> Exercise objective:
If a record holds a picture, omit the picture, but copy everything else below exactly.

------------------------------------------------------------

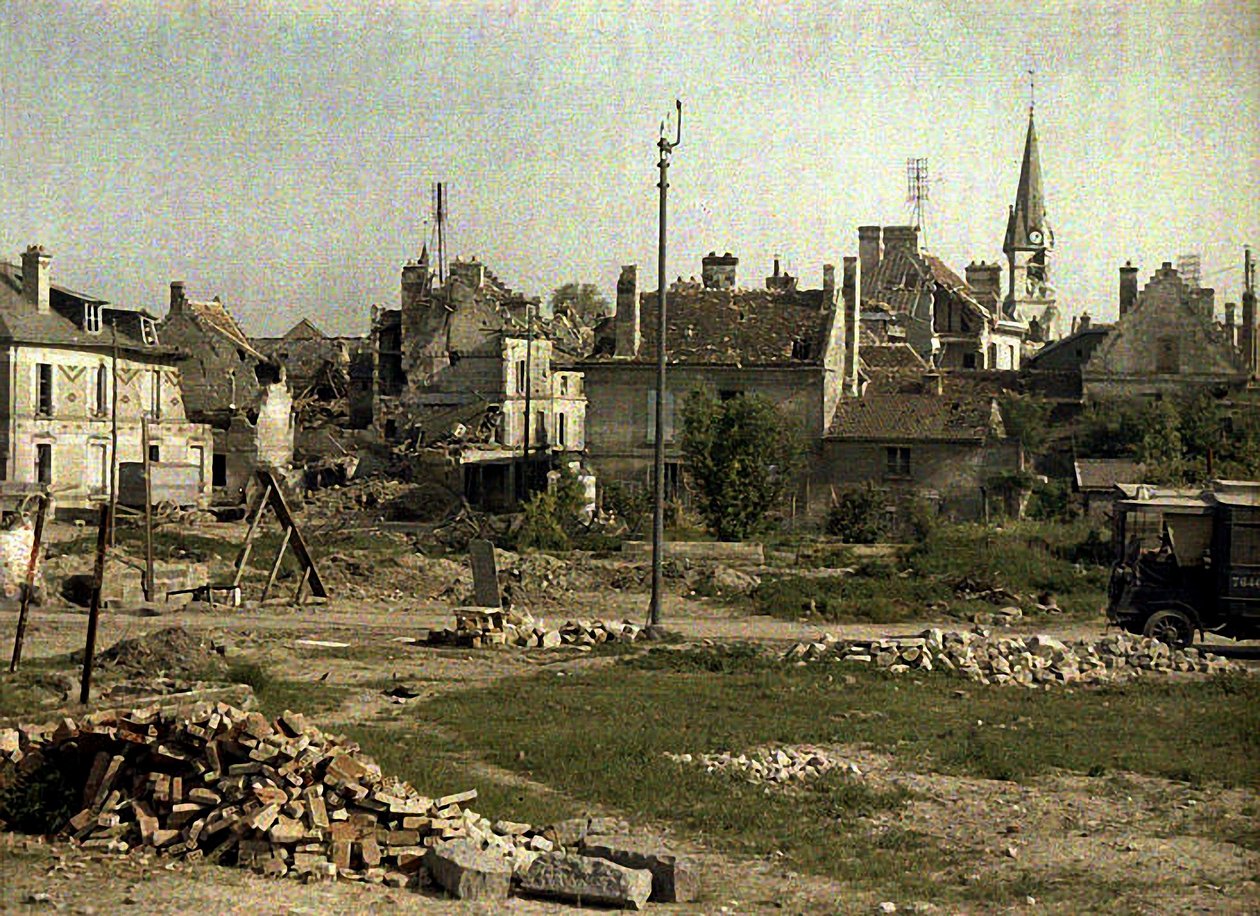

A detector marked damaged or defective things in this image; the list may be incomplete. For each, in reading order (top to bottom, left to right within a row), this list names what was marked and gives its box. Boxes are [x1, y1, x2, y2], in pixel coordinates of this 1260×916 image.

damaged stone building [0, 246, 211, 509]
damaged stone building [157, 283, 292, 503]
damaged stone building [370, 250, 587, 509]
damaged roof [592, 284, 831, 367]
damaged stone building [577, 250, 856, 498]
damaged roof [826, 390, 1002, 440]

------------------------------------------------------------

> Response to the task:
A detector marked damaged or defective things in this image; the list may be incomplete. For each, in reading order (top to bottom, left to right within a row), this list names what was marked and gives its box. Boxes are [x1, y1, x2, y2], in pixel coordinates of this 1260×916 image.

damaged stone building [0, 246, 211, 509]
damaged stone building [157, 283, 292, 503]
damaged stone building [370, 250, 587, 509]
damaged roof [592, 284, 831, 367]
damaged stone building [577, 250, 856, 498]
damaged roof [826, 390, 1002, 440]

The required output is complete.